Anyway, I've spent most of the day at this site run by UC Santa Barbara downloading all these old songs taken from late 19th and early 20th Century 78s. There are some truly wonderful songs and utterances to be found. For Mac users, when clicking on the download you should hit option with the mouseclick, I don't know the other way, but maybe it's just right click....
Otherwise, the most enjoyable movie I saw this weekend was She's the Man. The two boys in front of me were very impressed by Ms. Byne's performance and Vinnie Jones was in it too. V for Vendetta could have used him. One last thing about V for Vendetta, Stephen Rea, as always, was amazing.
But what's the deal with apparently the head police inspector doing all that leg work? Shouldn't he be directing movement a little more? I felt like I was watching the police in Monty Python's Holy Grail.
The other day I was at the Dunkin' Donuts and spilling things, tripping and just basically playing the role of clumsy oaf and this woman at the table next to me was so kind, she helped with the spill, she smiled sympathetically when I was clumsy, she pointed out that I'd dropped a bag and later a phone and was in general so kind that I really felt grateful.
Maud called today and I could Ron and Pat on the radio behind her -- hearing them always makes me miss Chicago. I forget who the Cubs were playing, but Rich Hill is getting bombed. Man, they could use some more offense. That team does not know how to get on base, and now it looks like they're going to be getting hit pretty hard on a regular basis.
Off to do some grading, maybe a movie, maybe some more 78s.
Some articles:
How Pop Sounded Before It Popped
By JODY ROSEN
Published: March 19, 2006
FOR a couple of months now my iPod has been stuck on Stella Mayhew's "I'm Looking for Something to Eat." It's a lurching little waltz-time pop tune, drawled over brass-band accompaniment. The lyric is hilarious, the lament of a gal on a diet who can't stop eating, and it climaxes with a glutton's soul cry: "I want some radishes and olives, speckled trout and cantaloupe and cauliflower/ Some mutton broth and deviled crabs and clams and Irish stew." I can't get it out of my head — so far, it's my favorite record of 2006.
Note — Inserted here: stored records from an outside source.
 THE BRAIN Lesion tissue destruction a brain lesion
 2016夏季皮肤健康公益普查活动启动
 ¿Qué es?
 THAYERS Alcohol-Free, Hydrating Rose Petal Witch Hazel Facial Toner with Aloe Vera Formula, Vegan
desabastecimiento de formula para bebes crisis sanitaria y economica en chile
As it happens, it's also my favorite record of 1909. It is an Edison Phonograph Company wax cylinder, recorded 97 years ago by Mayhew, a vaudeville star who liked to poke fun at her considerable girth. In certain ways, the song is up to date: the satire on dieting is plenty relevant in the early 21st century, and Mayhew's slurred talk-singing is a bracingly modern sound. But the noisy, weather-beaten recording is unmistakably a product of the acoustic era — the period from about 1890 to the mid-1920's, before the advent of electric recording — when musicians cut records while crammed cheek-by-jowl-by-trombone around phonograph horns in rackety little studios.
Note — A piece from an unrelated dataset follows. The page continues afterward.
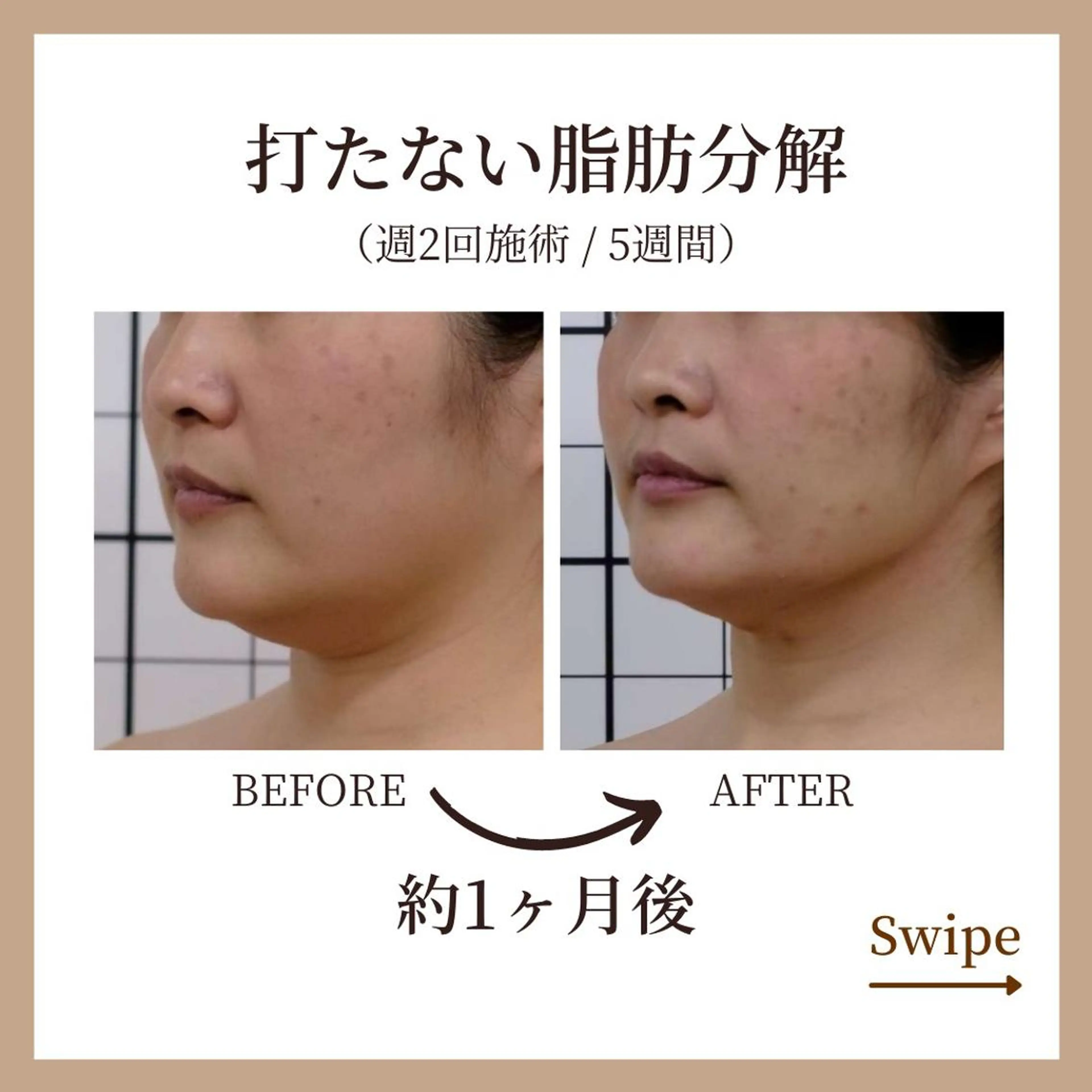 【超絶小顔！！】打たない最新メソセラピー 約30分の写真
Mayhew's record is just one of several thousand cylinders, the first commercially available recordings ever produced, that have recently become available free of charge to anyone with an Internet connection and some spare bandwidth. Last November, the Donald C. Davidson Library at the University of California, Santa Barbara, introduced the Cylinder Digitization and Preservation Project Web site (cylinders.library.ucsb.edu), a collection of more than 6,000 cylinders converted to downloadable MP3's, WAV files and streaming audio. It's an astonishing trove of sounds: opera arias, comic monologues, marching bands, gospel quartets. Above all, there are the pop tunes churned out by Tin Pan Alley at the turn of the century: ragtime ditties, novelty songs, sentimental ballads and a dizzying range of dialect numbers performed by vaudeville's blackface comedians and other "ethnic impersonators."
For decades, these records languished unheard by all but a few intrepid researchers and enthusiasts. Now, thanks to the Santa Barbara Web site and the efforts of a small group of scholars, collectors and independent record labels, acoustic-era popular music is drifting back into earshot, one crackly cylinder and 78 r.p.m. disc at a time. These old records hold pleasant surprises, but they also carry a larger lesson about gaping holes in the story of American pop.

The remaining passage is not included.